Project Statement: thriving

Thriving is a story about the resolve of five HIV positive men, Derek, Jason, Gabe, Shelby, and Steve. All five men contracted the deadly virus when their was no cure and when many people, including close friends, were dying all around them. For years, they carried around the unimaginable burden of feeling certain that death was imminent. After countless extremely difficult emotional and physical setbacks, hope finally arrived.

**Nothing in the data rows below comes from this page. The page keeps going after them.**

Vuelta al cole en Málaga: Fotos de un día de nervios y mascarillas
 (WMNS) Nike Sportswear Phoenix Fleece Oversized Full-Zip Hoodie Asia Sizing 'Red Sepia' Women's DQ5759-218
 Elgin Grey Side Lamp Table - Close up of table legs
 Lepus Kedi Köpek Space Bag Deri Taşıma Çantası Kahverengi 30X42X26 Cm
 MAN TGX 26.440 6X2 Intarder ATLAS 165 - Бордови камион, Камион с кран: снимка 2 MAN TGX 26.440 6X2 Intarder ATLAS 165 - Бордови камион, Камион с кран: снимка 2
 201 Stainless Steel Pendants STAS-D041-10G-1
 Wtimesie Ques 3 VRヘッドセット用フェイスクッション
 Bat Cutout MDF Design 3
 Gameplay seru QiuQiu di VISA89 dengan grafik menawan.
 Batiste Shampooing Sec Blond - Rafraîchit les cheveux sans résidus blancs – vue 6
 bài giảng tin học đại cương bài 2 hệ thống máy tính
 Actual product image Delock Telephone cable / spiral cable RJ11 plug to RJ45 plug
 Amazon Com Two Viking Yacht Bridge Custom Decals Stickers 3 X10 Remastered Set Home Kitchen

HIV is no longer a death sentence and Derek, Jason, Gabe, Shelby, and Steve continue to live and thrive with the virus. Throughout the process of this project, I was inspired by the unflinching honesty, courage, perseverance, and resiliency demonstrated by these young men. Each portrait conveys a sensitive and emotional expression of life. Underneath each portrait is a quote by the sitter regarding HIV no longer being a death sentence. And linking each portrait is a visual metaphor representing life and how all living things have the ability to thrive given the opportunity.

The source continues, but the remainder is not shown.